You can define start options in two places, in calling director:start/2-4 or director:start_link/2-4 and in return value of init/1. Start options is an Erlang proplist with following items:

  • db: Should be another erlang proplist with following items:
    • table: Default is list. Can be one of list, ets or mnesia. If you defined new table x,name your module director_table_x and define value of table to x.
    • init_arg: If you are using list for keeping children, Its value not matters. for mnesia and ets must be table name. For new database callback module if this value not defined, atom undefined will be given to callback-function director_table_x:create/1 and if defined, argument {value, Value} will be given.
    • delete: Should be one of true or false. If defined to true. In termination of Director itself, It deletes the table.

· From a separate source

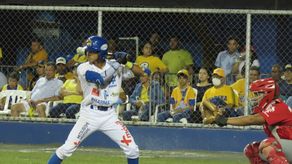 Béisbol Juvenil 2023: Herrera derrota a Coclé y toma el liderato de la serie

Default is true.
  • debug: Standard OTP/sys debug options:
     -type dbg_opts() :: [dbg_opt()] | [].
     -type  dbg_opt() :: {'trace', 'true'}
                       | {'log',
                          {N :: non_neg_integer(),
                           [{Event :: system_event(),
                             FuncState :: _,
                             FormFunc :: format_fun()}]}}
                       | {'statistics', {file:date_time(),
                                         {'reductions', non_neg_integer()},
                                         MessagesIn :: non_neg_integer(),
                                         MessagesOut :: non_neg_integer()}}
                       | {'log_to_file', file:io_device()}
                       | {Func :: dbg_fun(), FuncState :: term()}.
    Default is nothing or []. For more info see OTP sys module.
  • spawn_opt:: List of spawn options. For more info see OTP type proc_lib:spawn_option(). You cannot use this option in return value of init/1.
  • timeout: How much time process needs for initialization? You cannot use this option in return value of init/1.

init/1 examples

-module(director_test).
...
-export([init/1]). % Do not forget to export it
...
-record(state, {}). %% State record for Director itself
-record(chstate, {}). %% State record for Director children

init(MyInitArg) ->
	Child_1 = #{id => child_1
	           ,start => {child_1_module, start_link, [MyInitArg]}
	           ,state => #chstate{}
	           ,terminate_timeout => 1000},
	Child_2 = #{id => child_2
	           ,start => {child_2_module, start_link, [MyInitArg, arg_2, arg_3]}
	           ,state => #chstate{}},
	{ok, #state{}, [Child_1, Child2], [{db, [{table, ets}, {init_arg, my_table}]}]}.
	%% In above if you want some children with similar childspecs, you can use default childspec:
%	Children = [#{id => Id, append => true} || _ <- lists:seq(1, 100)],
%	DefChildSpec = #{start => {foo, start, [arg_1, arg_2]}},
%	{ok, #state{}, Children, DefChildSpec}.
	%% You will have 100 childspecs with ids 1-100 and start {foo, start, [arg_1, arg_2]}
	
	%% If you want simple_one_for_one strategy of OTP/Supervisor:
%	Children = [#{id => Id, append => true, start => {foo, start, [arg_3]}} || _ <- lists:seq(1, 100)],
%	DefChildSpec = #{start => {foo, start, [arg_1, arg_2]}},
%	{ok, #state{}, Children, DefChildSpec}.
	%% You will have 100 childspecs with ids 1-100 and start {foo, start, [arg_1, arg_2, arg_3]}
...

handle_start/4

When Director starts a child process, It calls:

YourCallbackModule:handle_start(ChildId, ChildState, DirectorState, Metadata)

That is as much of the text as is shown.